Les dernières nouvelles ont souvent besoin d’un avertissement. Dans un souci de transparence, les mots « il s’agit d’un communiqué de presse réchauffé  » devrait apparaître au début de nombreux articles dans les journaux et les sites Web appartenant aux grands médias. Les bulletins télévisés devraient s’ouvrir avec une annonce disant : « une grande partie de ce que vous allez entendre reflète les intérêts des plus puissants ».

En début de ce mois l’Union européenne a signé un accord de "partenariat et de coopération" avec l’Irak.
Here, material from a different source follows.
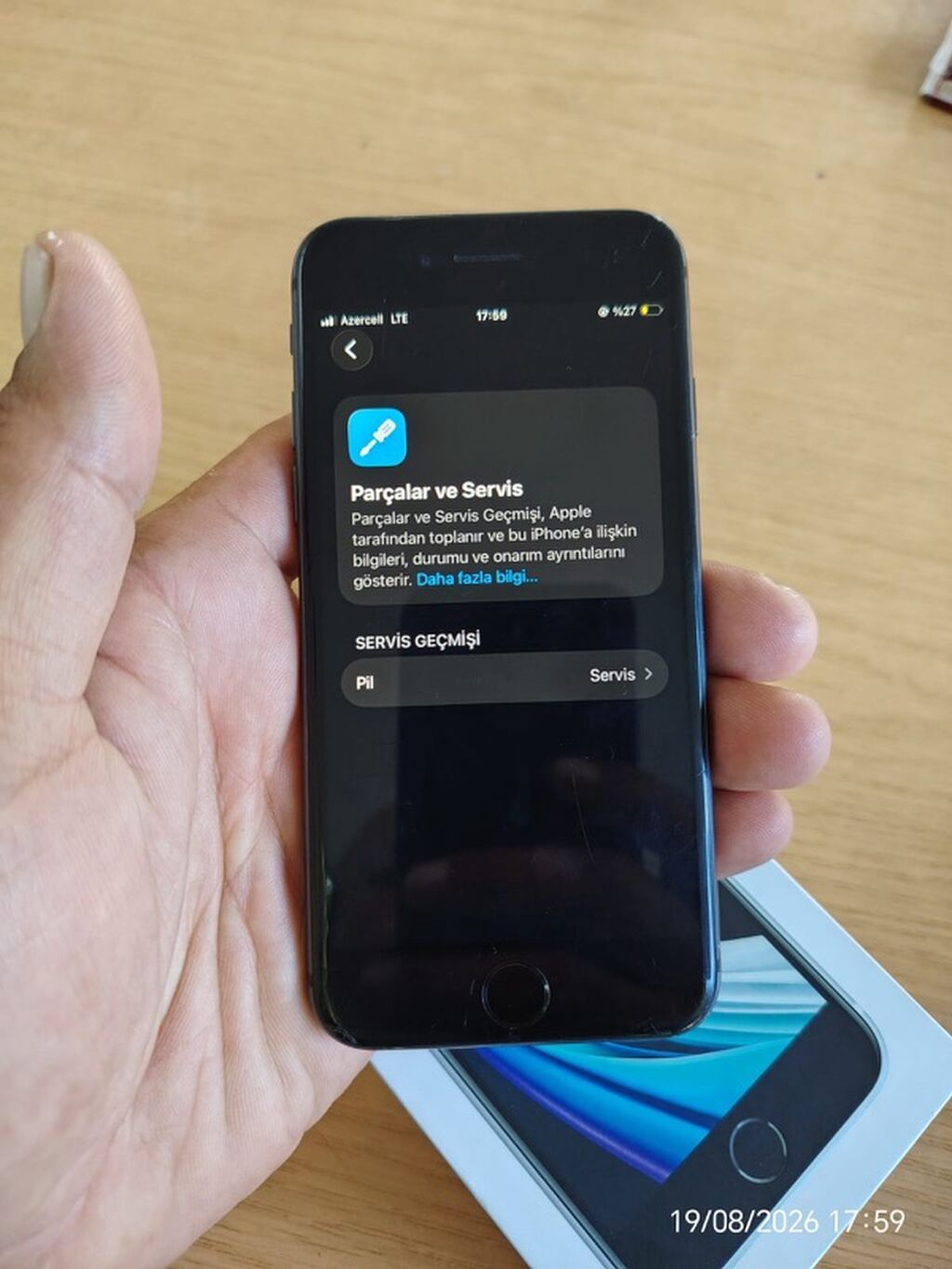 IPhone SE 2020, Qara, Barmaq izi — Apple iPhone, Bakı (6)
D’après mes recherches, il semble que presque tous les rapports de presse sur l’accord ont été basés principalement, sinon exclusivement, sur une déclaration publiée par Catherine Ashton, Haut Représentant de l’UE pour les affaires étrangères. Cette déclaration nous informe que l’accord serait "bon pour l’Irak".

Tous les journalistes qui ont écrit sur cet accord l’ont fait sans en connaitre les détails. Quand j’ai demandé au porte-parole de Mme Ashton une copie du texte, il m’a dit qu’il n’est pas encore "accessible au public". Ashton et son équipe ont avancé leur version de l’histoire avant que quiconque ait une chance de les contredire.
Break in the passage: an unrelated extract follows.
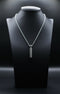 Men's Silver Stainless Steel Necklace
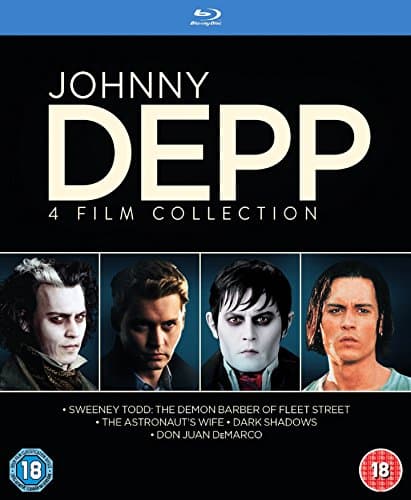 Johnny Depp Collection (Import)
Pourquoi devrait-on faire confiance à Catherine Ashton ? Ashton était un ministre du gouvernement britannique en 2003. Son patron à l’époque, Tony Blair, a décidé (avec George Bush) d’envahir l’Irak en violation de la Charte des Nations Unies, qui interdit expressément les guerres d’agression.
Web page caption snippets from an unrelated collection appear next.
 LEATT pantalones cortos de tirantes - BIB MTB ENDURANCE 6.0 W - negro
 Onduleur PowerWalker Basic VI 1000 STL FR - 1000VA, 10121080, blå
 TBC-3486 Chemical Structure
« Se prononçant  » sur son emploi actuel en 2010, Ashton a déclaré aux députés qu’elle croyait que les bombardements en Irak étaient "la bonne chose à faire en fonction de ce que je savais à l’époque". Elle n’a à aucun moment présenté des excuses pour avoir soutenu cette guerre ni cherché à prendre ses distances d’aucune manière avec Blair. En effet, elle entretient des contacts réguliers avec ce criminel de guerre dans son rôle actuel d’« envoyé pour la paix « internationale » (le titre que lui ont conféré les médias britanniques) pour le Moyen-Orient.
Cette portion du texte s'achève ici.